Oral Steroids For Tongue Hemangioma

A Sethi, R Bansal, D Sareen, A Agarwal

Keywords

hemangioma, prednisolone, tongue

Citation

A Sethi, R Bansal, D Sareen, A Agarwal. Oral Steroids For Tongue Hemangioma. The Internet Journal of Otorhinolaryngology. 2004 Volume 4 Number 1.

Abstract

A 3-year old child with extensive hemangioma of the oral tongue was treated with oral prednisolone in an attempt to reduce morbidity. The child is under follow up with continuing regression of the lesion with no evidence of relapse.
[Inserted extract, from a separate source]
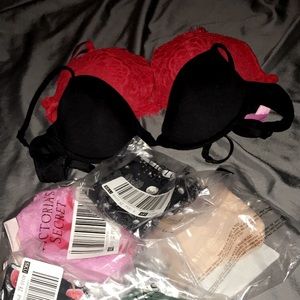 3 VS bras. 5 VS pairs of panties never opened.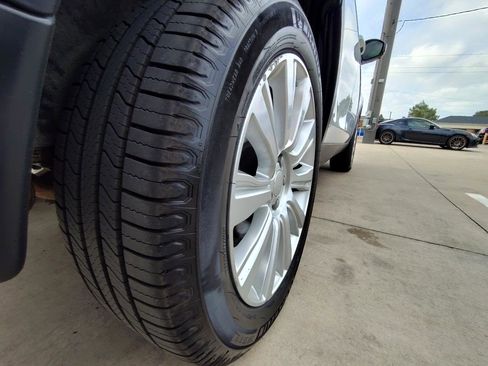 Used 2019 Land Rover Discovery Sport HSE image 10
The advantage of a short course of systemic corticosteroids over other modes of therapy in hemangiomas requiring treatment is being discussed here.

 

Introduction

Hemangiomas are among the most common neoplasms encountered in the pediatric age group. The majority of capillary and cavernous hemangiomas involute spontaneously with good cosmetic results1, but difficulty arises when intervention is forced by involvement of a vital structure and excessively rapid growth with marked disfigurement, tissue destruction and functional morbidity.

Several modes of therapy have been employed in these complicated cases, and each has its limitations. Surgical excision may result in scarring and recurrence or loss of a vital function2. Injection of sclerosing agents is undependable and painful, and the use of refrigerants may cause severe atrophy1. Irradiation has been associated with damage to the epiphyses3, breasts, gonads and skin4, and, in a large series, yielded no better results than in untreated controls5. Not only are these methods ineffective in some cases, but the incidence of complications in treated patients has been reported to be more than ten times than in untreated individuals2.

Besides these, the other modalities used in the management of oral hemangiomas include: cryotherapy6, embolization7, photocoagulation8 and carbon dioxide laser9. Systemic steroids have been suggested for the treatment of visual or respiratory obstruction caused by a rapidly enlarging hemangioma or to treat the complications of Kasabech-Merrit syndrome10. The role of oral steroids in the management of extensive tongue hamangiomas is still unexplored as the primary modality for these tumours remains surgery. We report one such case treated successfully with oral prednisolone.

Case Report

A three year old child was brought to our out patient department with a large tongue swelling completely occluding the oral commisure, inability to retract the tongue into the oral cavity and difficulty in feeding for the past one month. The child's parents informed that a small mass was present on the tip and left lateral margin of the tongue since birth and a local practitioner told them about the possibility of spontaneous regression of the mass. The mass has been progressing gradually since then, and, for the past five to six months, it had progressed rapidly. There was no history of any spontaneous bleeding or any similar mass anywhere on the body. On examination, the anterior half of the tongue was enlarged and lying outside the oral cavity with inability to retract the tongue with the dorsal surface showing areas of blood-stained crusting (figure1). Aspiration cytology and a computerized tomography were done which revealed it to be a hemangioma involving the oral tongue with extension into the base of tongue. Considering the nature and extent of the surgery and the likely functional disability, the patient was put on a trial of oral steroids. The patient received oral prednisolone in a dose of 2 mg./kg. body weight per day for 4 weeks. The patient showed a dramatic regression in the size of the tongue relieving the obstruction at the oral commisure with establishment of routine feeding (figure 2). Prednisolone was gradually tapered off over the next 4 weeks.

Figure 1
Figure 1: Inability to retract the tongue (on presentation).

Figure 2
Figure 2: Tongue retracted inside the mouth (after 4 weeks of treatment).

Discussion

The natural history of most juvenile hamangiomas is one of spontaneous but irregular regression. Although spontaneous resolution may be expected in the vast majority of patients1, certain situations preclude an expectant approach. Rapid growth of a hamangioma, particularly about the face and neck, is not only cosmetically distressing, but may interfere with vital functions.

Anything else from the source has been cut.